### [TASK GOAL]
Quote the listing below in full and exactly as written, but omit every picture.

### [COLLECTED MATERIAL]

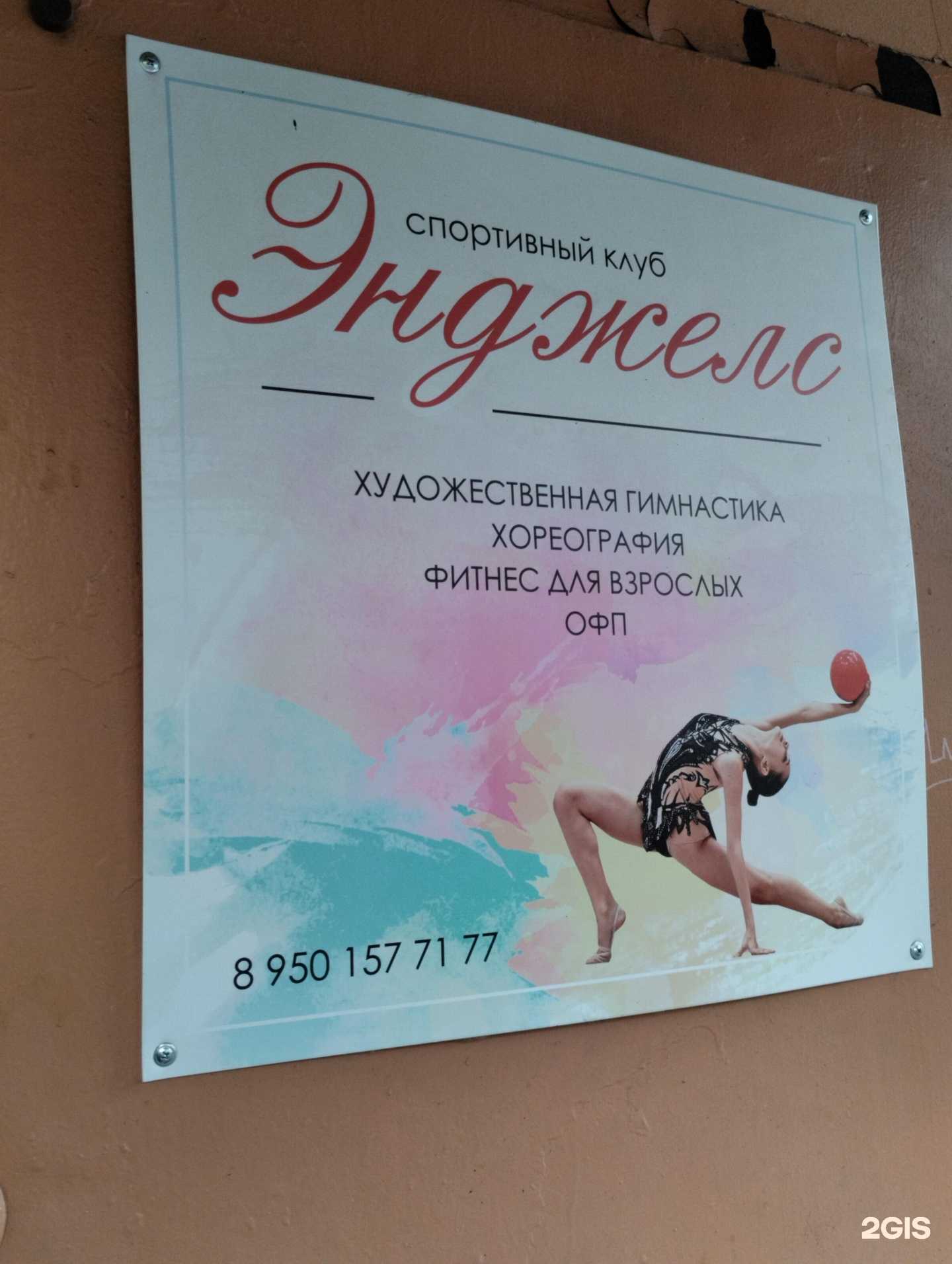 Отзывы на компанию Энджелс в Сарапуле c фото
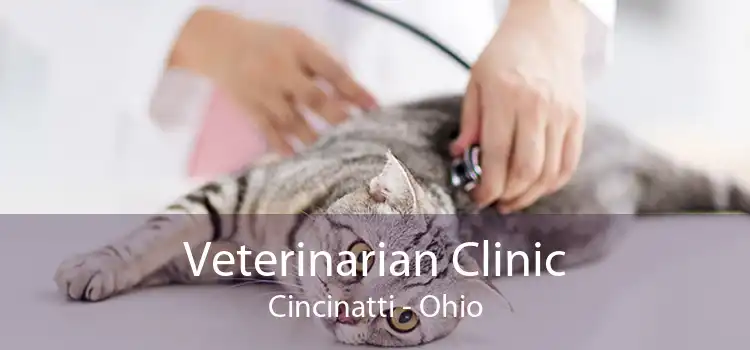 Veterinarian Clinic Cincinatti - Ohio
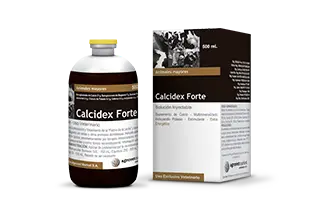 CALCIDEX FORTE | CALFOSMIN D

### [SOLVED PROBLEM]
 Отзывы на компанию Энджелс в Сарапуле c фото
 Veterinarian Clinic Cincinatti - Ohio
 CALCIDEX FORTE | CALFOSMIN D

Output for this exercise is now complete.